Can US Trade Agreements Focus on Global Economic Good?

Amy Stouddart writes:  United States Trade Representative Froman has been saber-rattling at the World Trade Organization (WTO). “Under the President’s leadership”, said Ambassador Froman, “USTR will continue working tirelessly to ensure that China and all WTO Members play by the rules so we can grow solid, middle-class jobs here in America.” And “We’re ensuring that it’s the United States that leads and defines the rules of the road.”  The argument that humanity writ-large should play by U.S. rules in order to create solid, middle-class jobs in America amounts to a strategic misstep. It undermines the broader case the United States has been trying to make about why it – not China – should be at the center of the global trading order.

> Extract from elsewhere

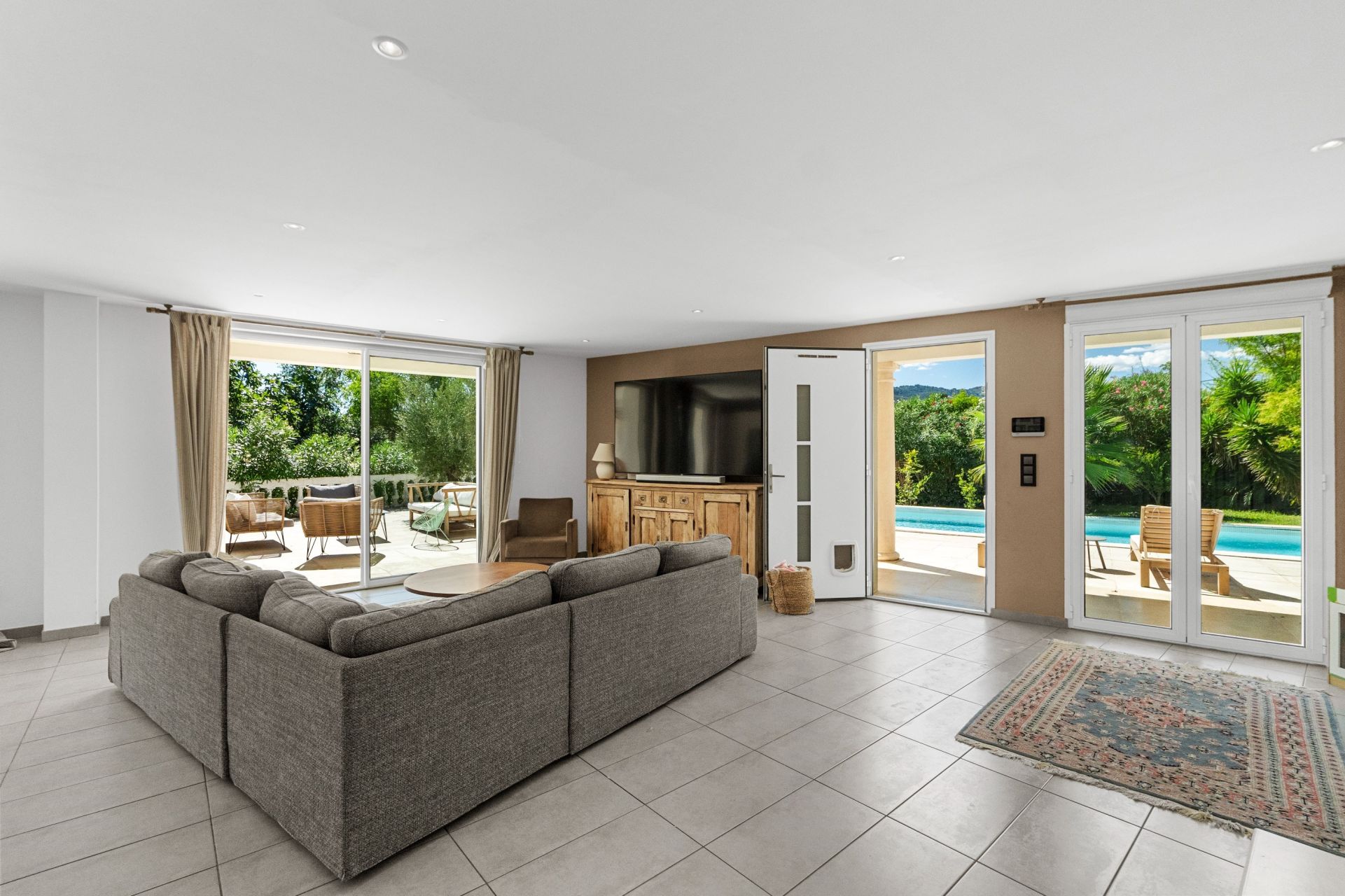 maison 7 Pièces en vente sur LA ROQUETTE SUR SIAGNE (06550)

Trade deals are contentious and thus always subject to a certain amount of political theater: while there might be net job creation or higher wages, some jobs are lost; industries are shifted; compromises on standards are made.

At a time when the United States is leading an effort to rewrite global trading architecture, however, describing trade agreements and the WTO as tools for enforcing U.S. rules which serve U.S. interests rather than as mutually-agreed upon frameworks which broadly serve the global good is counterproductive to the Obama administration’s trade agenda.

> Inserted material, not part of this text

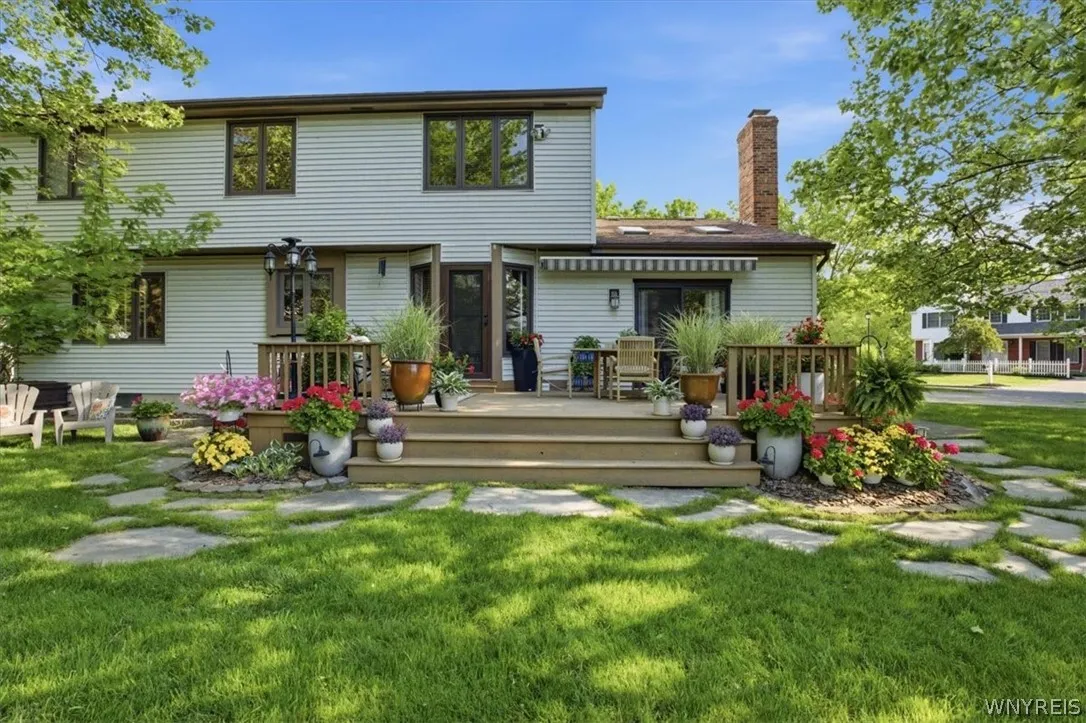 34 Birdsong Circle, Amherst, New York 14051, Amherst, New York 14051, 4 Bedrooms Bedrooms, 9 Rooms Rooms,2 BathroomsBathrooms,Residential,For Sale,34 Birdsong Circle, Amherst, New York 14051,0,B1698041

A large part of the TPP selling job in Asia, in the developing world, and to critics who suggested that the agreements essentially amounted to an abandonment of the fairer, multilateral (if painfully slow) process at the WTO has been that the United States is a benign leader in the global trading order, unlike some of the emerging economies – especially China – who seek to exploit the global economy to their own benefit. TPP is not being pursued just to advance U.S. interests, runs the argument, but because a freer global trading order with high standards and rules that can be fairly enforced is better for the global economy.

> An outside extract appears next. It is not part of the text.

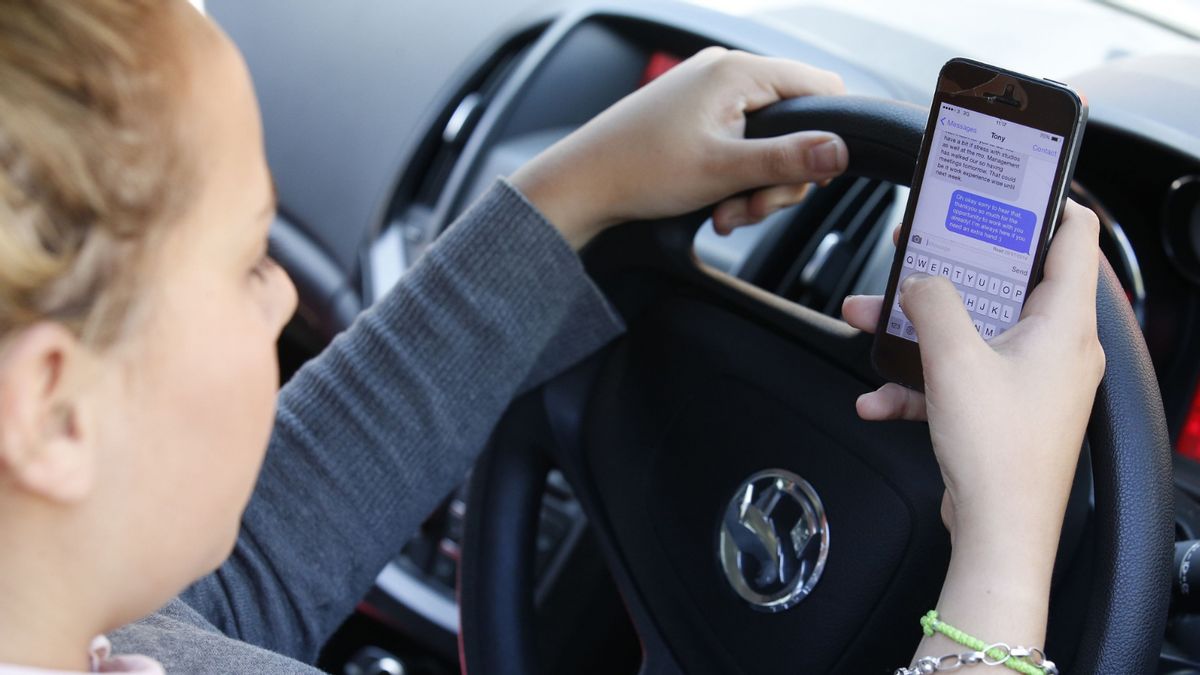 Investigating rumor cellphone ‘touch law’ implemented in 31 states on June 5, 2025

Ambassador Froman has shifted his focus to the internationalist case:: “We can lead and ensure that the global trading system reflects our values and our interests, or we can cede that role to others, which will inevitably create a less advantageous position for our workers and our businesses.”

The original impetus behind TPP for the United States was more about ensuring the continued development of an open, cooperative global economy than about shipping U.S. beef to Japan.  Winning the TPP will depend in part on persuading the world that the United States is willing and able to act in the global interest, not just its own.